▶ **PROBLEM REQUIREMENTS**:
Would you reproduce, without any alteration, the lines from the opening line of the entries through the line that has "Truckee Area Report" in it?

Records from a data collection
□ □ □ □ □

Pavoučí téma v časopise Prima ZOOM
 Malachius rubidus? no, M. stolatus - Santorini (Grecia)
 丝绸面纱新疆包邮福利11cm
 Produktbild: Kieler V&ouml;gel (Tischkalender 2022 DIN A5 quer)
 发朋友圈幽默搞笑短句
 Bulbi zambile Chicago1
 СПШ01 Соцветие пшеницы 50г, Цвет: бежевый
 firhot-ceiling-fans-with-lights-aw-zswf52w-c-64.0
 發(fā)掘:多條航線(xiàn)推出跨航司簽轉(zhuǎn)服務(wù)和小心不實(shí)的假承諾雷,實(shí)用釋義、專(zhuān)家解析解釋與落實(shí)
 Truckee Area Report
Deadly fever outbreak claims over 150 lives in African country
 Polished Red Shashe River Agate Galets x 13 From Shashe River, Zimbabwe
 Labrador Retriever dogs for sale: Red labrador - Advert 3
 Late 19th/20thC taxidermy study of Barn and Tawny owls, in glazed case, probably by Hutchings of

□ □ □ □ □

▶ **RESULT OF THE EXERCISE**:
Pavoučí téma v časopise Prima ZOOM
 Malachius rubidus? no, M. stolatus - Santorini (Grecia)
 丝绸面纱新疆包邮福利11cm
 Produktbild: Kieler V&ouml;gel (Tischkalender 2022 DIN A5 quer)
 发朋友圈幽默搞笑短句
 Bulbi zambile Chicago1
 СПШ01 Соцветие пшеницы 50г, Цвет: бежевый
 firhot-ceiling-fans-with-lights-aw-zswf52w-c-64.0
 發(fā)掘:多條航線(xiàn)推出跨航司簽轉(zhuǎn)服務(wù)和小心不實(shí)的假承諾雷,實(shí)用釋義、專(zhuān)家解析解釋與落實(shí)
 Truckee Area Report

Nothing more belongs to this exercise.